A week ago Thursday, soon-to-be Mount Marathon rookie Kilian Jornet walked out of his home in Chamonix, near the juncture that connects France, Italy and Switzerland, and spent nearly 24 hours hiking, climbing and running with a friend in the Alps.

On Friday, though he had initially not planned to race, he spurred his legs to a seventh-place finish in the European Vertical Kilometer Championships -- runners climbed 1,000 meters (3,281 feet) on a 3.8-kilometer (2.35-mile) course.

Saturday morning, Jornet and a friend bagged Mont Blanc, which at 15,781 feet is the tallest peak in the Alps.

Sunday marked a "rest'' day -- Jornet and his girlfriend, Emelie Forsberg of Sweden and also an accomplished mountain runner, flew to Anchorage and arrived that evening.

And before noon Monday, Jornet was atop McHugh Peak in the Chugach Range.

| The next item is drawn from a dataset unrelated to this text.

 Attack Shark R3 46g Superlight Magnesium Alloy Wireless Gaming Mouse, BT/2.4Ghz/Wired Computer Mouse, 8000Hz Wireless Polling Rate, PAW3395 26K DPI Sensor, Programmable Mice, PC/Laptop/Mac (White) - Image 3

Jornet that evening appeared at Skinny Raven Sports in downtown Anchorage, signed autographs, charmed star-struck mountain runners -- in their circles, it was the equivalent of Lebron James dropping by the Fairview Rec Center -- and took part in an well-attended outdoor panel discussion that also featured Forsberg.

Largely considered the world's best all-around mountain and trail runner, and a world-class ski mountaineer, Jornet may just be the world's most interesting man in alpine athletics.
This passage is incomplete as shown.